After seven years, I don't think commitment-phobia is the issue and it doesnt seem temporary if he's wanting to sell the house.

He's probably been unhappy for a while, and hasn't told you and maybe it'd benefit you even more if you talked to him and he explained why he made the decision. Don't cling to him or beg him back, otherwise you won't get the truth, or any answer at all.

It's really hard to offer anything more.

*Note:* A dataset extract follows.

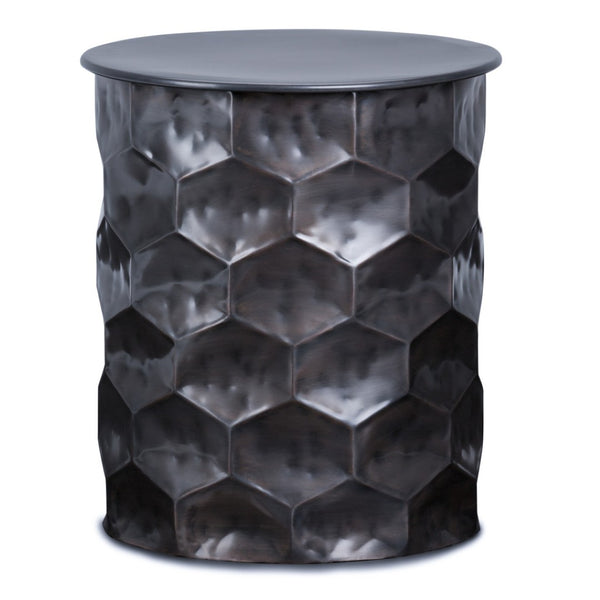 HomeRoots 20" Antiqued Bronze Metal Round End Table - Stylish Compact Design for Modern Living Spaces & Decor 636130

Every situation is unique.

2006-08-18 05:13:59 · answer #4 · answered by Anonymous · 0 0

Time is irrelevant .. I 'put up' with a relationship (stupidly) for six years until one day something just 'snapped' .. and I left .. both my partner and I have moved on and are far happier but I couldnt tell you why it took that long or why it happened on that day.

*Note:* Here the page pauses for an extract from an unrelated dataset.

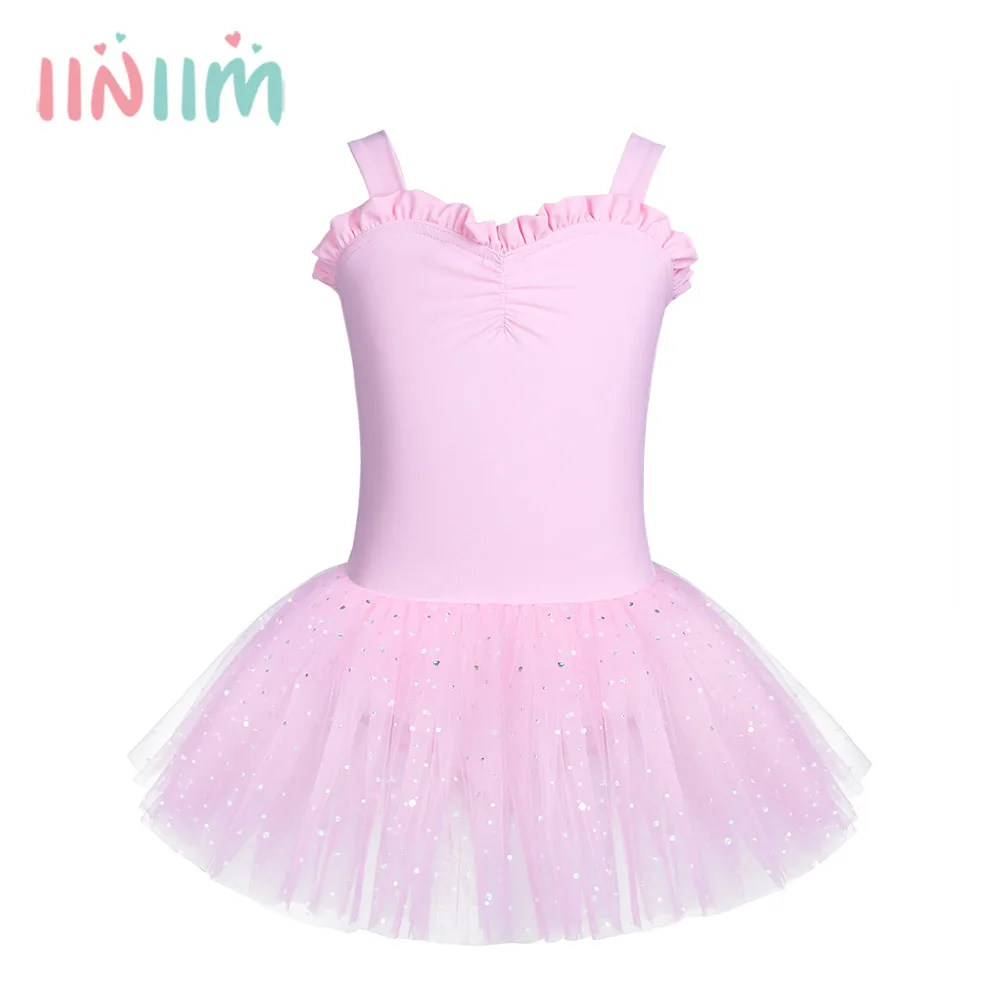 

4 Color Kids Girls Sleeveless Ruffled Sweetheart Ballet Dance Gymnastics Leotard Tutu Dress Costume Party for 2-8 Years Kids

The best thing you can do is realise that it was FAR better to happen now than after marriage and kids (my reasoning) and enjoy your freedom knowing that there are lots of nice guys in the world who will be more than happy to share your company.

2006-08-18 05:58:41 · answer #5 · answered by enzuigiriuk 4 · 0 0

Everyone has different reasons for leaving a relationship the 7 year itch maybe? . As he already talking about selling common property it sound like he has made his mind up.

You have both been together for a very long time is there someone else in the picture??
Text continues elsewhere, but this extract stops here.